Can They Not Just Ask?
By Cooper Strange
Just remember, when this becomes the newest and best addition to the Olympics, you heard it here first: it looks like the Beijing 2008 Olympics are going to introduce tickling as an Olympic sport. I think we can expect the average age of Olympians to drop a little, for as we all know, the younger folk are the champions of tickling.

Oops, it looks like they mispelled “tickling” as “tickeling” too!
Ok, seriously. I saw this a couple days ago and just could not resist stealing this shot. And no, this has nothing to do with tickling, but is just a “cross your Ts” problem. It should be “ticketing”. But the question remains, can I buy tickets for the tickling event?
China, along with many other non-native English speaking nations, has a wide variety of “issues” with using English in public. This is not a cheap shot at China and its bad English…not at all. Rather, it is a question: can they not just ask?
I once asked a friend of mine doing language-related training for businesses here in China if he was thinking of offering services to fix these kinds of problems, to which he answered a very quick “no”. Why? Chinese businesses are seldomly willing to pay. They do not care enough to pay for correction.
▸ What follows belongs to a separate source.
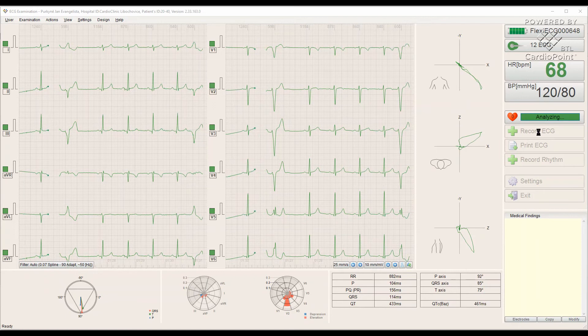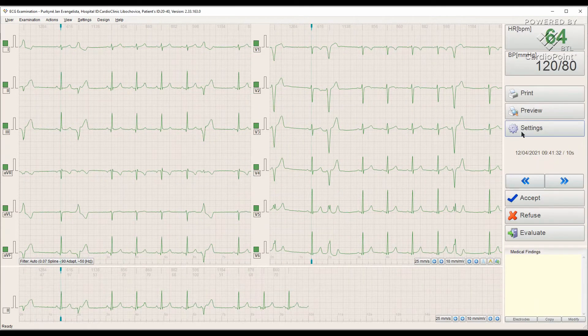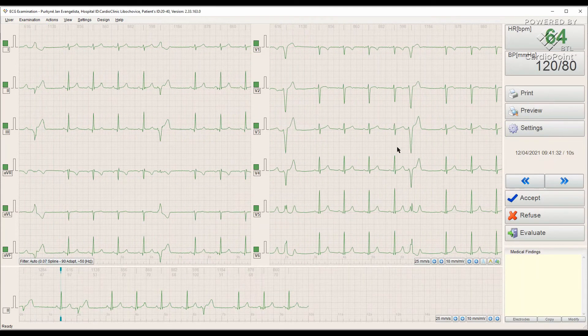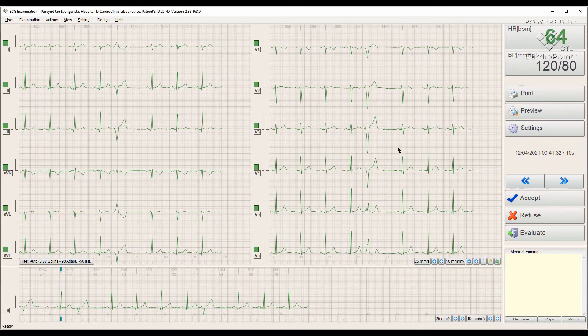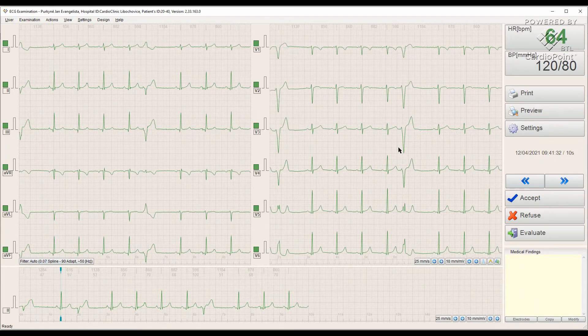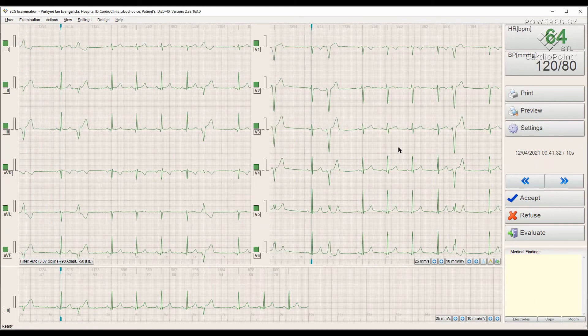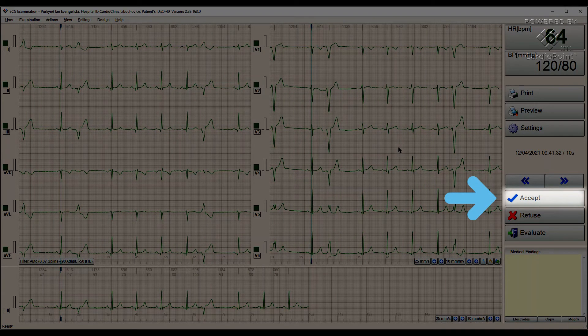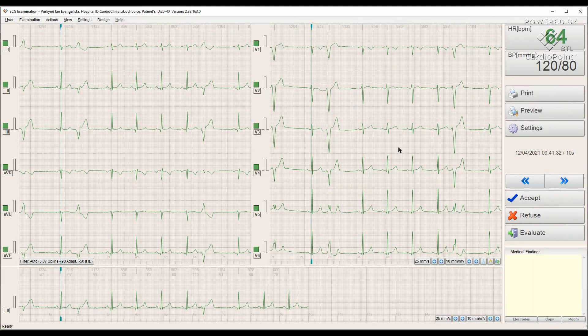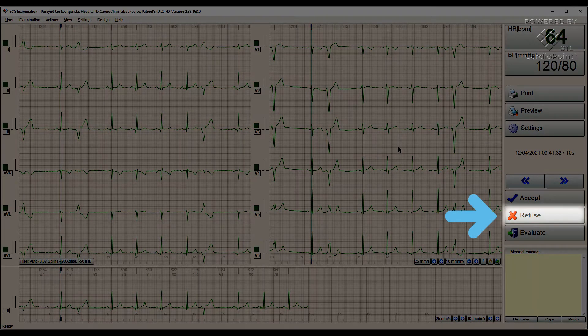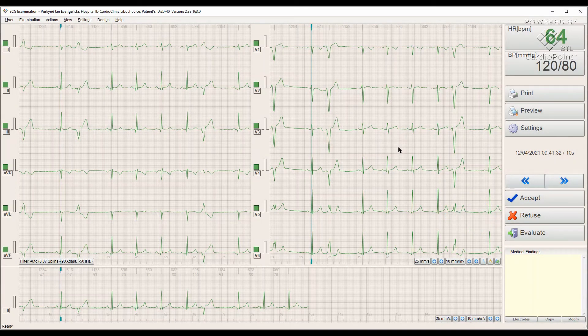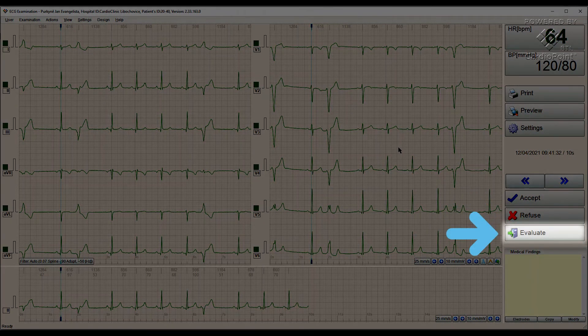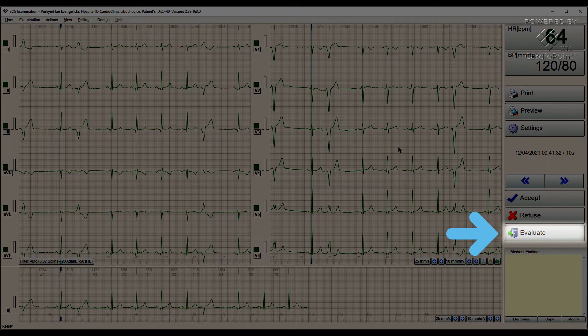When the recording is finished, a review screen appears and we can see three options to choose from. Clicking Accept saves the record and continues monitoring. Clicking Refuse discards the record and continues monitoring. And clicking Evaluate saves the record and switches the program to the Evaluation mode.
They would rather grab their accountant’s sister’s classmate who is studying English in college to translate for them.
But this particular case is not bad English as much as it is bad English alphabet recognition. The person who typed this did not need to know the English word for ‘ticketing’, but just needed to type it in correctly. They saw a ‘T’ and typed an ‘L’. If everybody in China has mandatory English in school for who knows how many years on end, can they not recognize the English alphabet in fairly standard fonts? This scares me. Really.
I have to wonder when they are going to have the guts to dish out a few bucks to have quality and trustworthy translation services.